Behind every successful CEO probably lurks at least one major regret. The best, or the luckiest, CEOs learn from their mistakes and get an opportunity to rectify them. But as we learned from the stories that company founders shared with us, even the ones who get a second chance can still feel the repercussions from their moves for years afterward. And the lessons they gleaned stay with them and influence their business decisions in sometimes surprising ways.
Regret 1: Being distracted by a buyout proposal
Company: SmartDM (#127 on the 2000 Inc. 500), in Nashville Business: Direct marketing on- and offline CEO: Richard Maradik
"It was a classic story," says Richard Maradik. "It was a great offer. We were strapped for cash." In 1997 the direct marketing company that Maradik and his partner, Jay Graves, had started was only two years old. It had just $1.8 million in sales and 10 employees, but already a large multinational company had come along, eager to take a large equity stake in the young business. The suitors promised growth capital, a guarantee of a working line of credit at the bank, and other much needed financial support.
The partners, exhausted after two years of 15-hour days and an uncertain future, were ecstatic. "I think every entrepreneur is lying if they say they're not working toward an exit," says Maradik. "We jumped at the term sheet." That's also when they began taking their eyes off the ball, he adds.
Caught up in the impending merger, "we began to assume we were part of them," recalls Maradik. He and Graves attended corporate meetings and began to ready their systems for integration with those of the acquirer. They also went over the financials with the suitor's executives. "We spent a lot of time looking at the books," says Maradik, "but not at the business."
As the merger talks dragged on, the partners began to neglect their core business. "We ignored sales, we ignored margin, we ignored cash flow -- because we assumed the deal would go through," says Maradik. "We spent too much time working on the deal we thought was going to happen. It almost killed us."
Before the partners knew it, they were in the hole for almost $200,000 and were having difficulty making payroll. At the 11th hour, when Maradik and Graves thought they were about to sign on the dotted line, the suitor changed the terms of the agreement. Suddenly, Maradik says, "they wanted to buy us out entirely. We'd be just employees. We were in a weakened position. They knew it. We knew it. We had two choices -- we could fight or we could cave."
The two men took a deep breath, rejected the offer, and went back to the drawing board.

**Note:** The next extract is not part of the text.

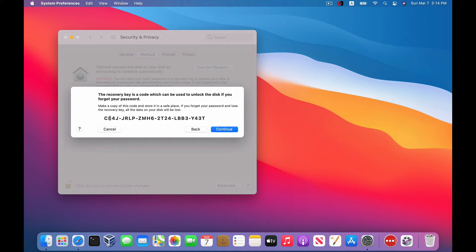So you can see here it generates this long, complex recovery key. Now the only warning with this option is: be aware that if you encrypt your disk and then you lose your password and you lose this recovery key, you're not going to have any way to access your encrypted data, like ever again. Apple isn't going to be able to help you. And any data you have stored locally on your Mac and not backed up elsewhere is just going to be lost.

They tapped their already drawn-down savings accounts and took no salaries for six months. This time around they were determined to do things right. "Exercising all my humility," Maradik says, "I'll admit we were running the business wrong," even before the brush with the acquirer. He was 25 when he started the company; his partner was 23. "We didn't really know anything about P& Ls, cash management, balance sheets," says Maradik. "We didn't know how a valuation was done."
After their near-death experience, "we gained a healthy respect for the numbers," he says. "We put in internal controls and clearer goals to profitability. We're always monitoring our numbers to spot trouble."
Clearly, the partners are doing something right now. This year the company, which has branch offices in Atlanta and Las Vegas and employs some 40 people, will have revenues of more than $9 million. And Maradik and Graves have raised $5 million in venture capital and are on the cusp of a second round of financing.
"We really learned what drives the value of the company," says Maradik. "It was a bittersweet lesson."